Tuesday, March 24, 2015

Ecuador Day 1: Arrival

The trip itself was all a blur of moments over procedures.

A flight to South Korea, bouts with spicy kimchi plates, cat naps interrupted by emergency landing procedure reminders, day dreaming scenarios of what people would actually do in an emergency, sips of hot European coffee at a standing room bar punctuated by week old email responses and smiles from the Northlander barista, traveling “back” through relative time they say is easier.

I didn’t sleep.
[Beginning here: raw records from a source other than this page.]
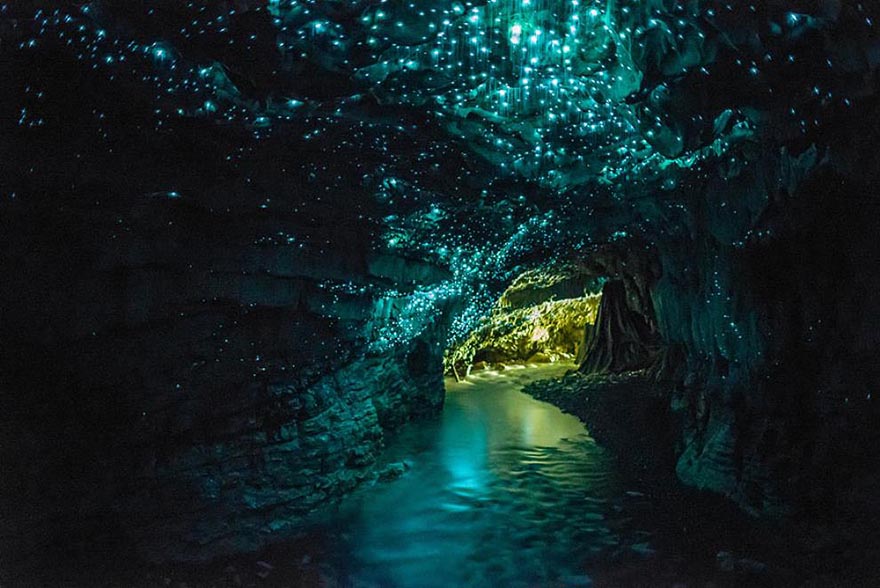 glowworms cave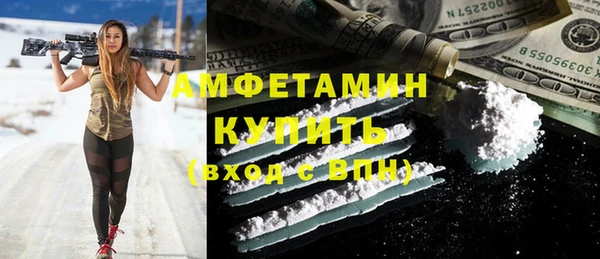 гидра Карпинск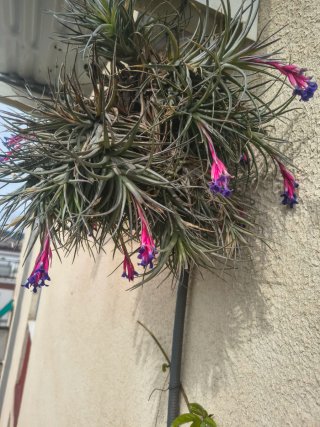 Tillandsia aeranthos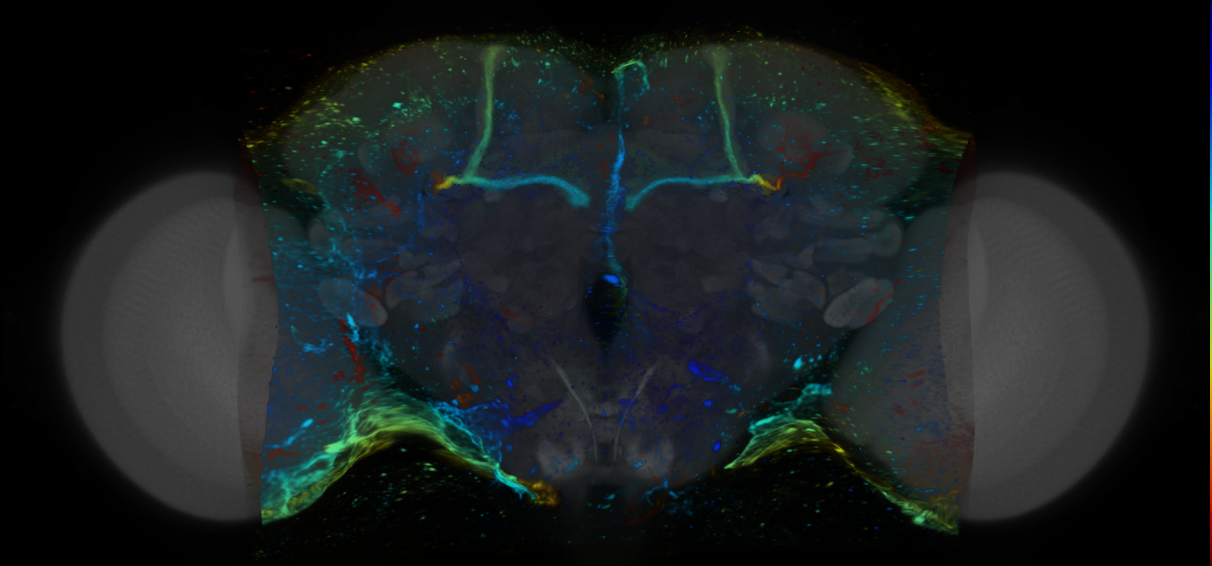P{VT059007-GAL4} expression pattern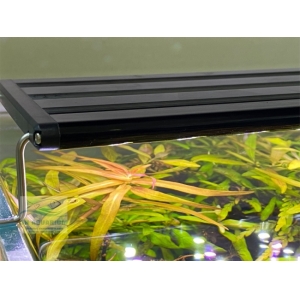 Đèn Led 5 Hàng Quanlong Siêu Sáng Đổi Màu 60cm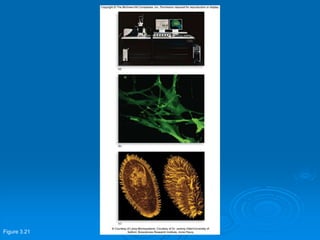 Figure 3.21
 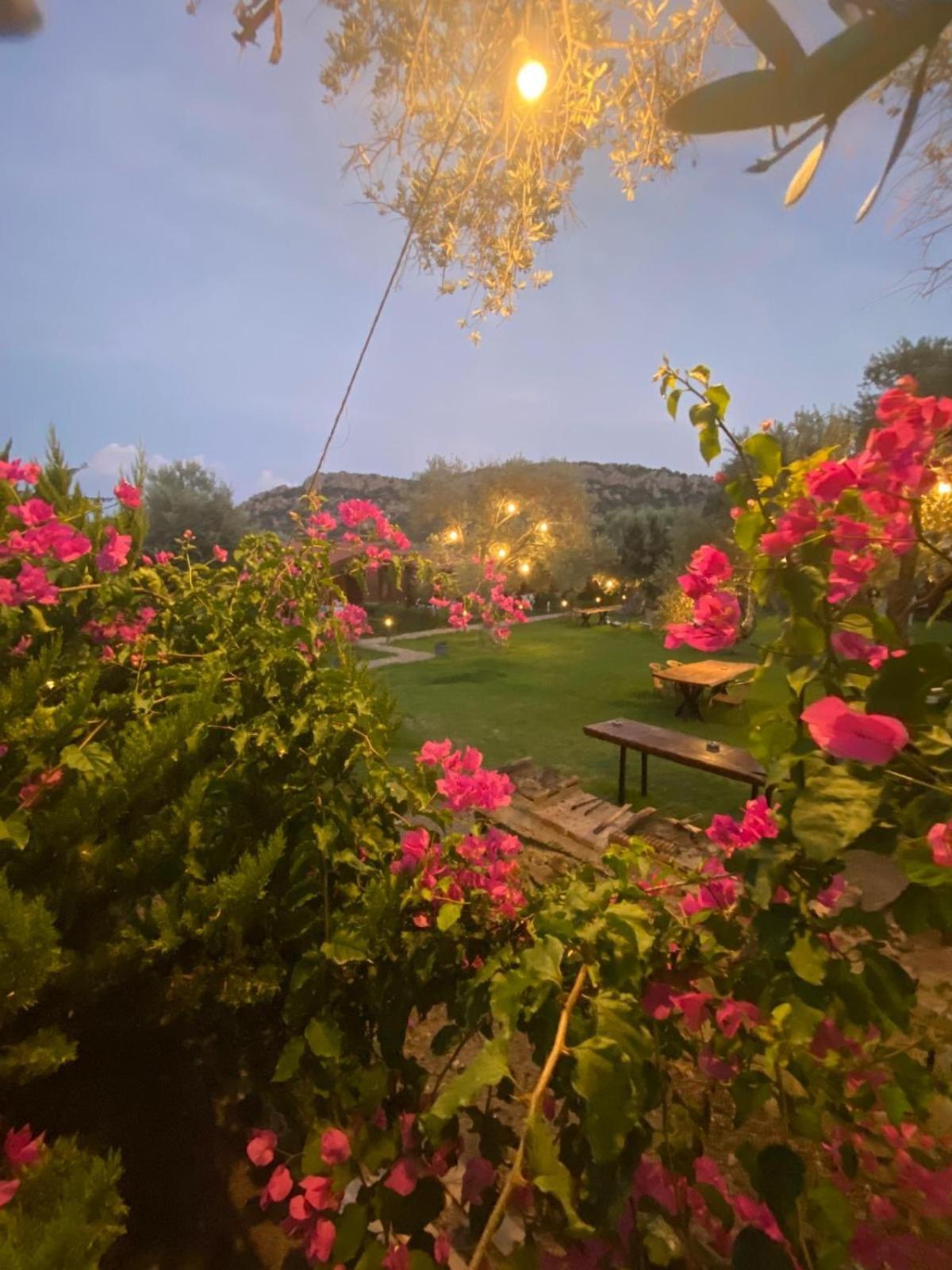 Suzi'Nin Bahcesi Bungalov Evler Datça Exteriér fotografie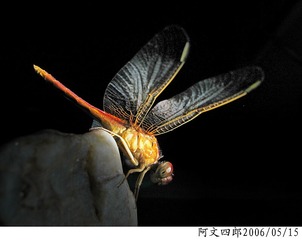 26-IMG_0079
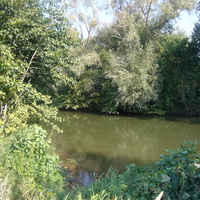 Река Самара летом(затон)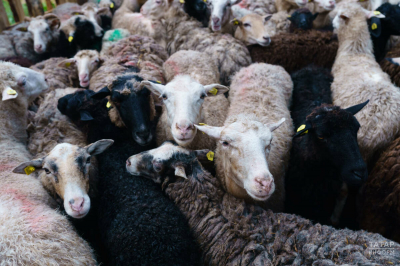 Управление ветеринарии призвало на Курбан-байрам покупать овец в Татарстане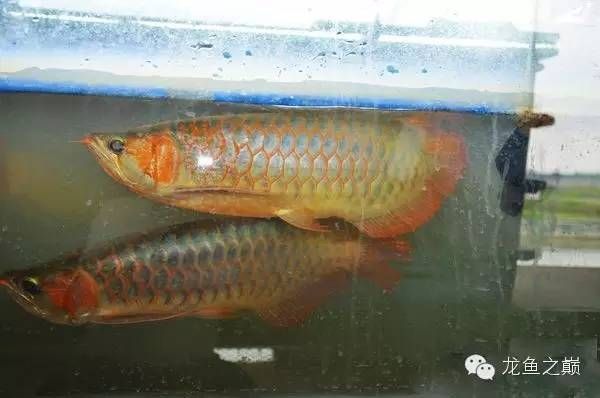 金龍魚出自哪里：金龍魚產地是哪個國家？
But to be fair, I had been working on that talent for the two days leading up to this trip, what with friends wishing me good bye and the combination of work and a school party, I felt fully prepared to take on the thirty-six hour commute to South America. I thought that if I wore myself out that I would sleep right through the discomfort of sitting down for ten hours at a time. But I didn’t sleep.

As it is, our plane arrived ahead of schedule. Seinfeld used to have a joke about arriving early by plane, that if the pilot has the power to push the jet and make it before schedule time, then why doesn’t it happen all the time – after all, it’s not like there are police handing out speeding tickets up there.

The security guards must have mistaken me somehow since when we landed and I collected my luggage off the carousel, they waved me through security. No big line, no reason why I should have been waived through, yet off I was waved to cut around the other slightly more obvious tourist and straight to the awaiting families and limo drivers, both holding up signs with names on them.

Little Emily was the first to see me, she ran forward with sign in hand across the airport hallway to where I had only just sat down to check my messages. She is my oldest youngest sister at nine-years old. Walking behind her came my only older sister, the Gabster.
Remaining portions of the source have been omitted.